An immediate effect of the change
was to give new vigor to efforts at reaching a settlement
with Great Britain. The old troubles over her
retention of the western posts still continued, and
in addition to them came new difficulties arising
from war measures. On January 30, 1793, Thomas
Pinckney, then American minister to Great Britain,
wrote that war was about to begin, “and although
our claim to a free intercourse is founded in reason
and our national right, yet, as we have no armed neutrality
the members whereof this people have to fear, they
may stop our vessels bound to French ports with provisions.”
What was feared soon happened. By the French
decree of 1793, the French colonies were opened to
American trade and West Indian commerce flourished.

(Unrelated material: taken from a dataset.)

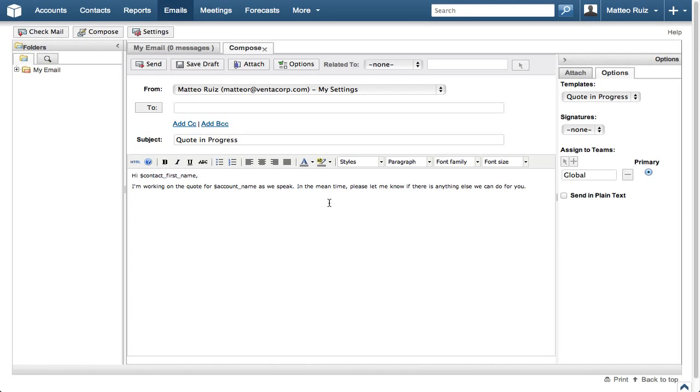We could select a signature here as well, but there aren't any in this demo. You can view the Creating an Email Signature How Do I Video to learn how to create one of your own.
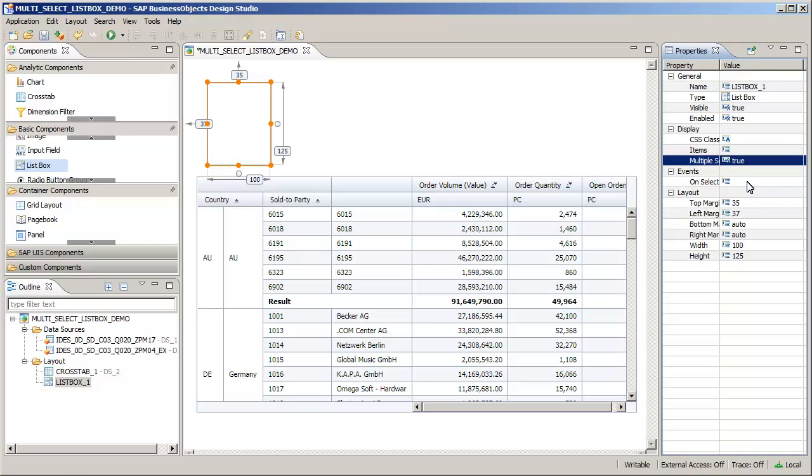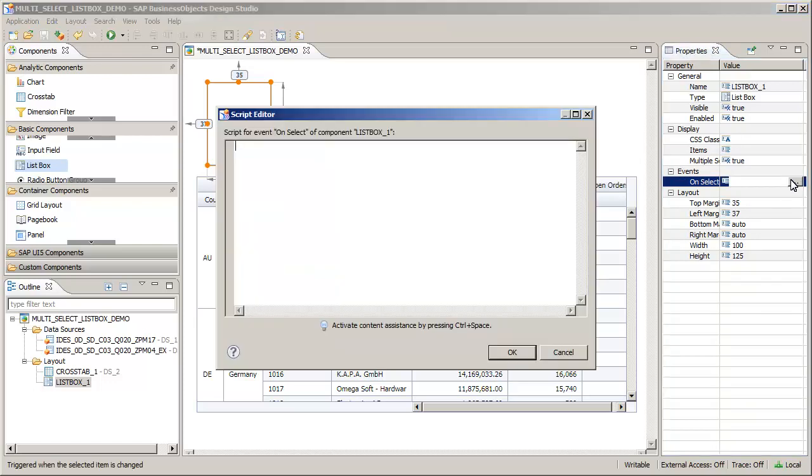Now add an event script to filter the crosstab based on the selection from the ListBox. The script sets a filter on the DS2 data source by limiting the results based on the country values selected in the ListBox.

This was now afflicted by contraband regulations laid
down by Great Britain, under which many American vessels
were seized for carrying cargoes to or from French
ports. Although Genet’s activities and
the extent to which they were indulged by the United
States did not tend to promote friendly relations with
Great Britain, yet it does not appear that the British
policy was inspired by resentment. The regulations
as defined by instructions issued on June 8, 1793,
made liable to detention all vessels carrying “corn,
flour, or meal” to French ports, with the proviso
that the cargoes might be purchased on behalf of the
British government and the ships might then be released
with a due allowance for freight, or they might be
allowed to dispose of their cargoes in the ports of
any country in amity with Great Britain. Vessels
attempting to enter a blockaded port were liable to
seizure and condemnation, save that the ships of Denmark
and Sweden might be seized only if they should persist
in trying to enter after once having been turned back.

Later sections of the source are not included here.